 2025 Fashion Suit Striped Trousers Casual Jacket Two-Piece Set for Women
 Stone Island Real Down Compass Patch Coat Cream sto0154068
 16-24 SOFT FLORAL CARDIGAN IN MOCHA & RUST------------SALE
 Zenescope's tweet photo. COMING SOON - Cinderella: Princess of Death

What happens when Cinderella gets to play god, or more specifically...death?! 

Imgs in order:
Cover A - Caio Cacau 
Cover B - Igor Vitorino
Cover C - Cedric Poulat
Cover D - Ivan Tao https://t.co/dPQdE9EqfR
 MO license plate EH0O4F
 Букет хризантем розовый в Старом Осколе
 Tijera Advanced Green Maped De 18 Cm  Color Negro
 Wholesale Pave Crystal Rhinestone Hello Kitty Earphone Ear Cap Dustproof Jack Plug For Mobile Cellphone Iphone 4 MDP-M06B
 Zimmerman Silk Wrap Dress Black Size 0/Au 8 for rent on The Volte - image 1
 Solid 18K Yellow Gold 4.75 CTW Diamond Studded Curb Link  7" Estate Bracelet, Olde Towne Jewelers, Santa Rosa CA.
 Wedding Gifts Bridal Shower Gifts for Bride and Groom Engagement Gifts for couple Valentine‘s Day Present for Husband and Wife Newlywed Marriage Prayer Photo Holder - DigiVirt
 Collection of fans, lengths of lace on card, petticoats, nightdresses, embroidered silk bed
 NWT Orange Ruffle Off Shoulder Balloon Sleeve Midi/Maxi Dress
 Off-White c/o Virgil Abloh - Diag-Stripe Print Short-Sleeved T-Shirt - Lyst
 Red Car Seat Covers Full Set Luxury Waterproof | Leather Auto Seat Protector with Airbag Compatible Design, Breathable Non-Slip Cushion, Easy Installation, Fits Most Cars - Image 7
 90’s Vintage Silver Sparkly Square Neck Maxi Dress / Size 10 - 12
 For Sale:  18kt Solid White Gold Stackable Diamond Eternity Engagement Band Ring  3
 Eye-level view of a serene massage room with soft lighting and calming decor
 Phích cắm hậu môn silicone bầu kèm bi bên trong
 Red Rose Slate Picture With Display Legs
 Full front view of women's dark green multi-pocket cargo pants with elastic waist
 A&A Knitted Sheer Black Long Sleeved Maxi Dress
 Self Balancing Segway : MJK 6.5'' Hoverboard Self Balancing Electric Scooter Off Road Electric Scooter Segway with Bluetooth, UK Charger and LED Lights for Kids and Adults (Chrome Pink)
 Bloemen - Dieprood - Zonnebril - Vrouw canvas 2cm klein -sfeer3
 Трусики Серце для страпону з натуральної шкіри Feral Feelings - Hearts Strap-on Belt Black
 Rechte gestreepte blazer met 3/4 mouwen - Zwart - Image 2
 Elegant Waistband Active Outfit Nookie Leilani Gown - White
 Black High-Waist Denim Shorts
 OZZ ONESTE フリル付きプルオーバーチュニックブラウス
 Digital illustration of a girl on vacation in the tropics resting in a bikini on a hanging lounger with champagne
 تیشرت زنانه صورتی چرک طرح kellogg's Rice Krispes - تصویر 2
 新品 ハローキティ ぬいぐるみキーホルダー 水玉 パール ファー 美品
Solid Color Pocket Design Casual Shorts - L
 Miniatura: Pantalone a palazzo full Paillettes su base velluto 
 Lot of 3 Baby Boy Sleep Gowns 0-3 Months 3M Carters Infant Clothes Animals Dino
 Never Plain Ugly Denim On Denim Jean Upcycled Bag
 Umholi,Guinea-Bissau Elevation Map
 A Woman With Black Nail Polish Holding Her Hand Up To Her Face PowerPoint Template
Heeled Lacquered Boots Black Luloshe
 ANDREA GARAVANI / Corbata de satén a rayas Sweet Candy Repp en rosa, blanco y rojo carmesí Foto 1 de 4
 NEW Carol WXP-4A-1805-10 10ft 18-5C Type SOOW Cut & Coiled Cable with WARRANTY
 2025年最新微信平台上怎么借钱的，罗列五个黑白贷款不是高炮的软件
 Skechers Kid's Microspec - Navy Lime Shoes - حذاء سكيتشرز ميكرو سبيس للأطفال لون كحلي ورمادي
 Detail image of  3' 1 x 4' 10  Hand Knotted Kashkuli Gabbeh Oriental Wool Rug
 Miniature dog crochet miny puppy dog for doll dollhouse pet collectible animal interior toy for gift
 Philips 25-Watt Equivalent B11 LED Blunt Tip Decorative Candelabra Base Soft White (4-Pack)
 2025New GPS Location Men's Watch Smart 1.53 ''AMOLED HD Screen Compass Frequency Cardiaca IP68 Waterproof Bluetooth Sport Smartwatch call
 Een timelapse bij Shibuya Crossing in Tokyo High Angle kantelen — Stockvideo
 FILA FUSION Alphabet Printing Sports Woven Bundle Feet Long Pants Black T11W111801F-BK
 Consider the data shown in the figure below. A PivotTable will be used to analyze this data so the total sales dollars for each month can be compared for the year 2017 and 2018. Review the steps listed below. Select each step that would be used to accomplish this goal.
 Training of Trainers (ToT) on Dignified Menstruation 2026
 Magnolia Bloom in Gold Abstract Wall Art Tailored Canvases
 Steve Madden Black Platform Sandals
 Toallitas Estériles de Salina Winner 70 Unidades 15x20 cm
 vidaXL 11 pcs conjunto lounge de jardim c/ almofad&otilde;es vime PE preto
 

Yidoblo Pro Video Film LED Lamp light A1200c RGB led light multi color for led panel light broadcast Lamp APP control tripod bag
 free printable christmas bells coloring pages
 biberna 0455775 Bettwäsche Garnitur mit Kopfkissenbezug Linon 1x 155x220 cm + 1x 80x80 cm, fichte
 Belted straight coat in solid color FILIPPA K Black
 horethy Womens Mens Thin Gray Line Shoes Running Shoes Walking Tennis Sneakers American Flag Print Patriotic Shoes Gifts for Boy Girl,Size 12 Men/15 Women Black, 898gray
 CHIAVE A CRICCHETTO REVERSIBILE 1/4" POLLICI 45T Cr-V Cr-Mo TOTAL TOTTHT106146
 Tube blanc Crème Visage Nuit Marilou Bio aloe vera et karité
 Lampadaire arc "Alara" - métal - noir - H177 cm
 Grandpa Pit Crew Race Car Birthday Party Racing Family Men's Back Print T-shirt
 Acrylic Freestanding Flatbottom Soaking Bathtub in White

■ ■ ■ ■ ■

In the listing above, the lines from the one containing "Umholi,Guinea-Bissau Elevation Map" through the one containing "ANDREA GARAVANI /" must be set down exactly, with no other lines.

* [RESPONSE TO THIS TASK]
 Umholi,Guinea-Bissau Elevation Map
 A Woman With Black Nail Polish Holding Her Hand Up To Her Face PowerPoint Template
Heeled Lacquered Boots Black Luloshe
 ANDREA GARAVANI / Corbata de satén a rayas Sweet Candy Repp en rosa, blanco y rojo carmesí Foto 1 de 4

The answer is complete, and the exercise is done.